[[ Data extract open ]]
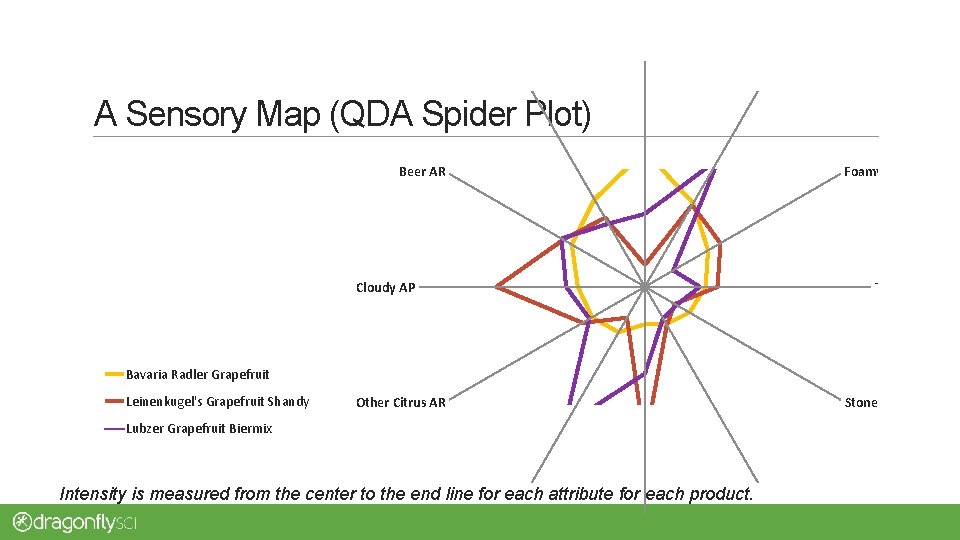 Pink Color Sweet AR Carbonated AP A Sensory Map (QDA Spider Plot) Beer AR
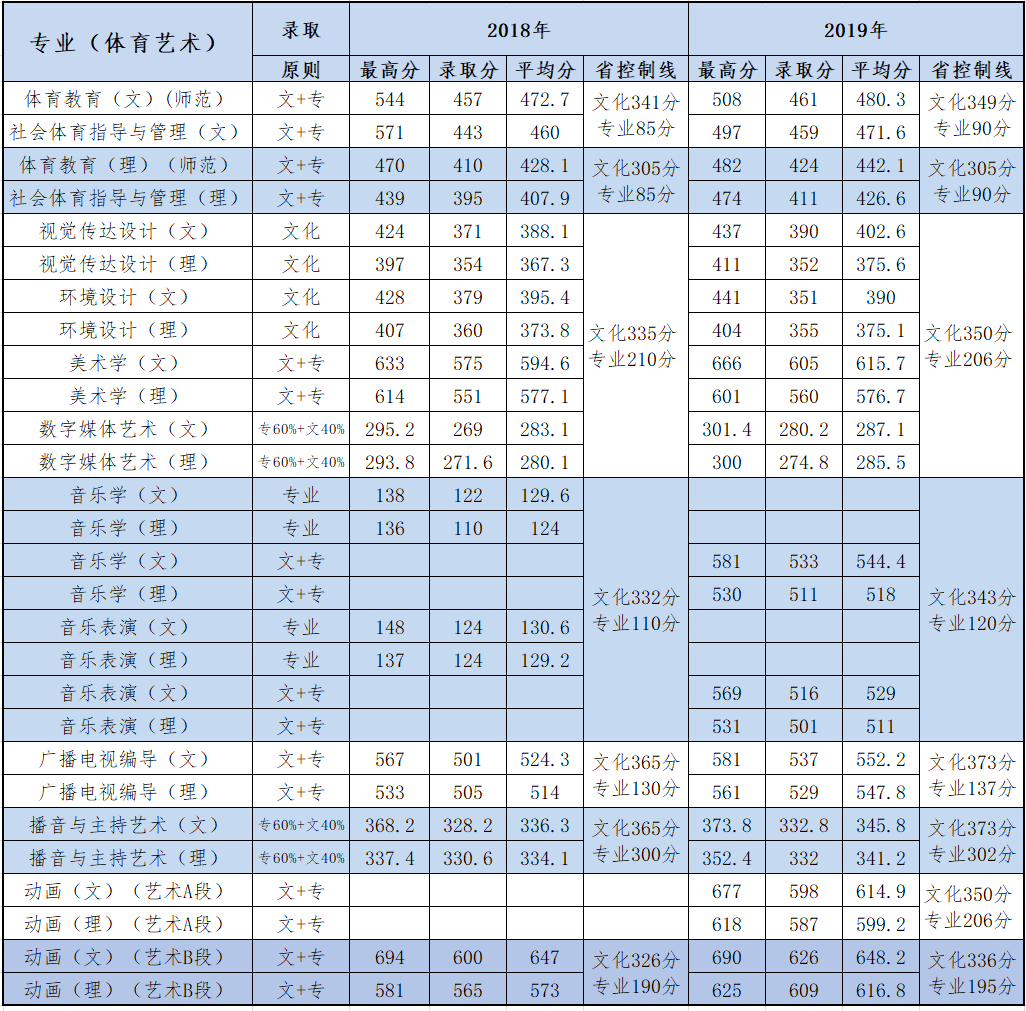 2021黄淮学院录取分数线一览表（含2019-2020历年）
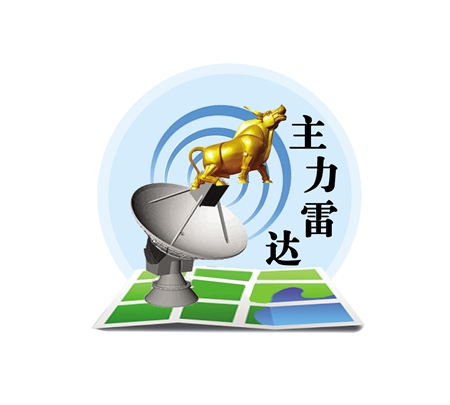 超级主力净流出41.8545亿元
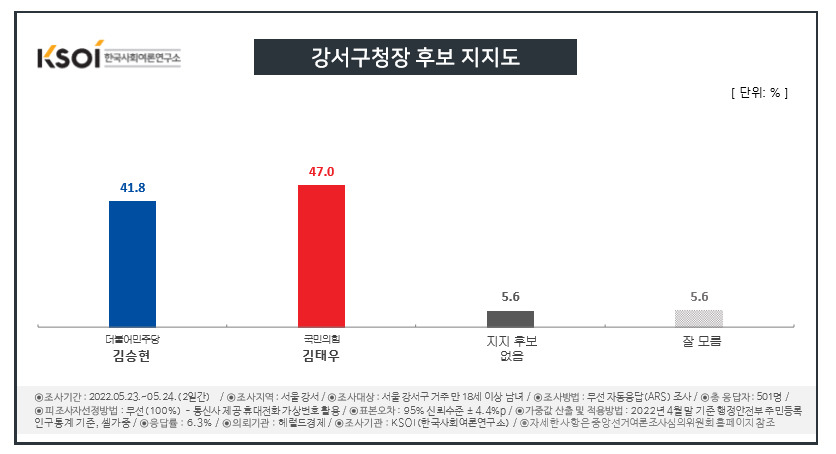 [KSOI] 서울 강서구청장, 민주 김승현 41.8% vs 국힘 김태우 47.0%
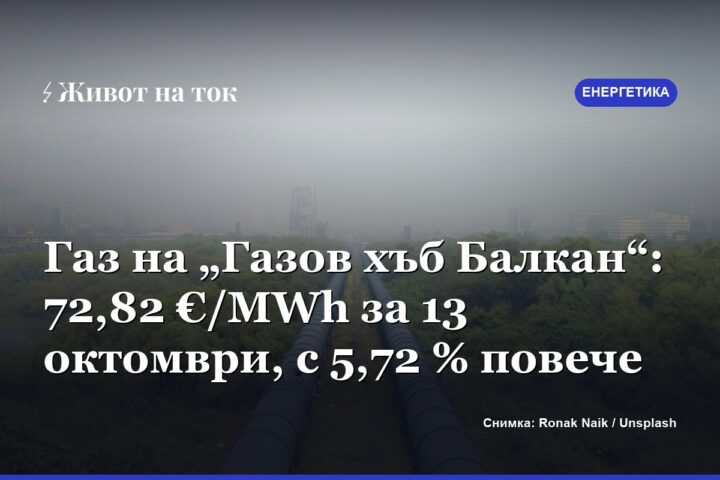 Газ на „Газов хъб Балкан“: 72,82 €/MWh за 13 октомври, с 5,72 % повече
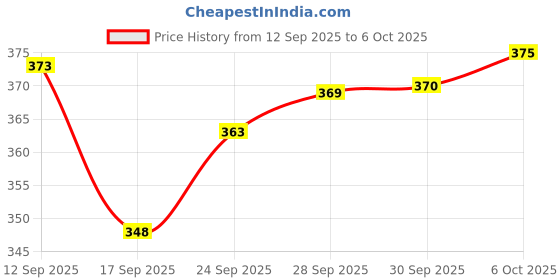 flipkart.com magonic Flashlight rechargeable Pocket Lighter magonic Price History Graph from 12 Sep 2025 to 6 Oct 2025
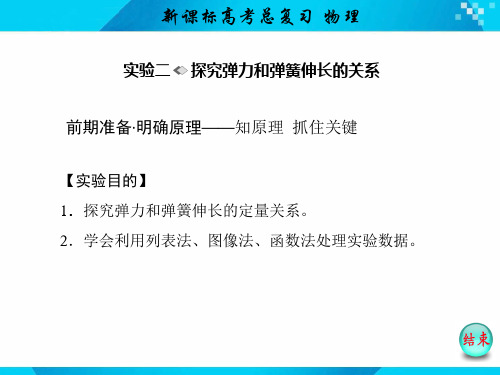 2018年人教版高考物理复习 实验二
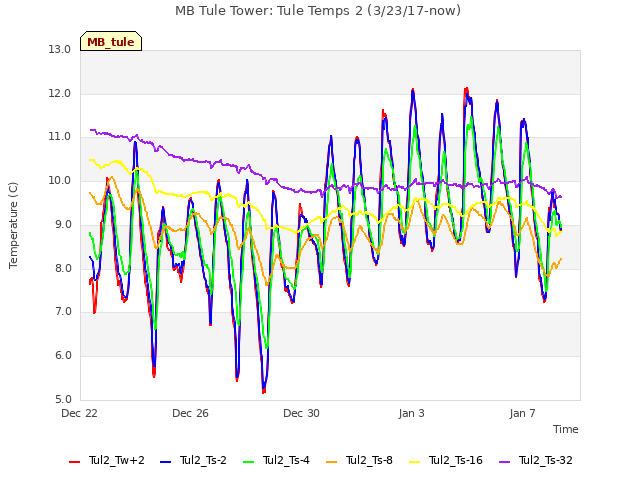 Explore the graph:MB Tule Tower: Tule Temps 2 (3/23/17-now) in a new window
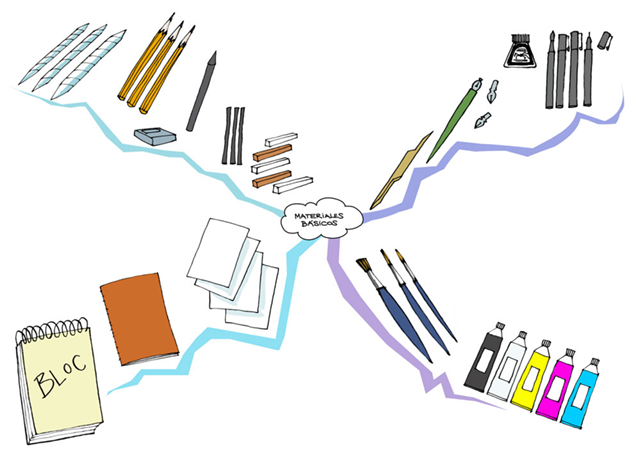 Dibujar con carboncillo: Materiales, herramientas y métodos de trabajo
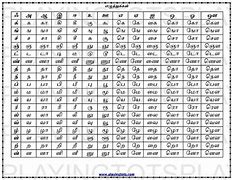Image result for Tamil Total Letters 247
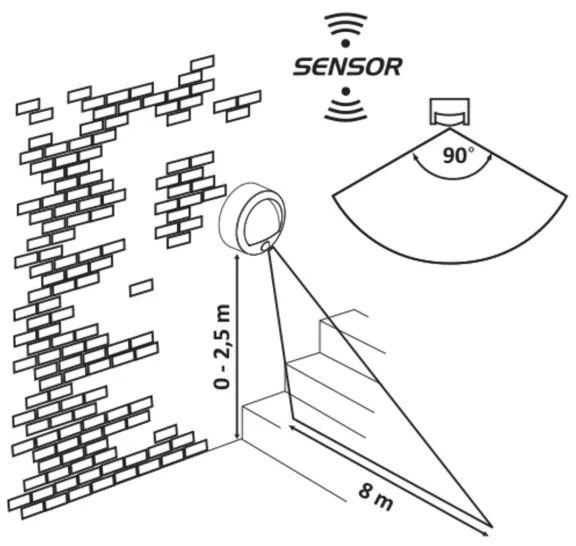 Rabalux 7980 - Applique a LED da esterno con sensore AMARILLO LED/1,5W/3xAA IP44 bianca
[[ Data extract closed ]]
### Exercise brief
Only the lines from the one containing "flipkart.com magonic Flashlight" through the end of the records are wanted, set down exactly and without their pictures.

### The answer
 flipkart.com magonic Flashlight rechargeable Pocket Lighter magonic Price History Graph from 12 Sep 2025 to 6 Oct 2025
 2018年人教版高考物理复习 实验二
 Explore the graph:MB Tule Tower: Tule Temps 2 (3/23/17-now) in a new window
 Dibujar con carboncillo: Materiales, herramientas y métodos de trabajo
Image result for Tamil Total Letters 247
 Rabalux 7980 - Applique a LED da esterno con sensore AMARILLO LED/1,5W/3xAA IP44 bianca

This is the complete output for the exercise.